INTERVIEW: Data center developers outline plans for multi-billion-dollar campus at historic Pennhurst Asylum site in PA

  • Concept plan includes five data centers, a substation and a possible solar field
  • Project team anticipates multi-billion-dollar investment that is initially being self-funded
  • Conditional use hearings targeted for first half of 2026

With nearly three decades of real estate development under their belt, Matthew Herzog and his partners are pursuing their first data center project at the former Pennhurst State School and Hospital in East Vincent Township, Pennsylvania.

The proposed multi-billion-dollar development is planned to include multiple data center buildings across the 125-acre brownfield site.

Though the development is in early stages of planning and entitlement, Herzog and project attorney Matt McHugh detailed challenges navigating public pushback, evolving township legislation and the entitlement process in an exclusive interview with NPM.

Acquired by Penn Hurst Holdings DE LLC, of which Herzog is part owner, in 2016, the former state-run asylum complex has long been the subject of public concern, first gaining notoriety in the 1970s for abuse and neglect of its patients before its closure in 1987.

In the years since, ownership changed hands several times, and the site was even used as a seasonal haunted house. The current investors have overseen extensive remediation and demolition of vacant and obsolete structures, preparing the property for potential redevelopment.

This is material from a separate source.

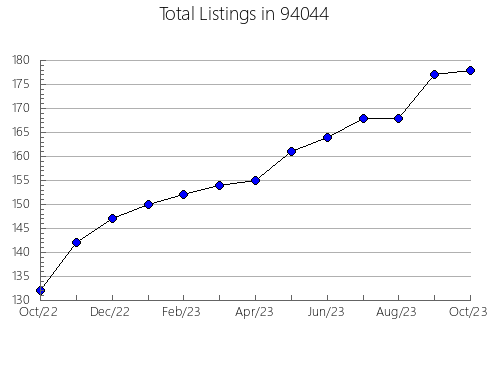 Airbnb & Vrbo Analytics, listings per month in 81230, CO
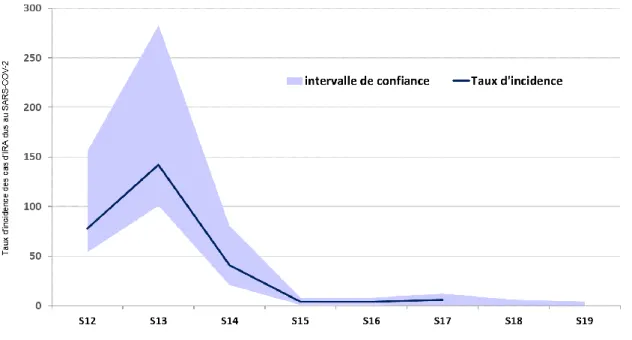 Figure 1. Taux d’incidence pour 100 000 habitants des cas d’IRA dus au SARS-COV-2 vus en médecine  générale par semaine depuis la semaine 12 (16 au 22 mars) en France métropolitaine, (Source Réseau  Sentinelles)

That redevelopment has always been envisioned for industrial use, McHugh explained, as the land is already zoned industrial mixed-use – with data center development as a conditional use.

“It kind of was positioned in the right time in the market with the data center boom. (For) two years or so, they’ve been making arrangements and working through plans to bring this forth,” he said.

Additionally, the site’s proximity to electrical infrastructure and the opportunity to repurpose a brownfield site are key factors supporting the proposed data center. McHugh described it as “ideally sited.”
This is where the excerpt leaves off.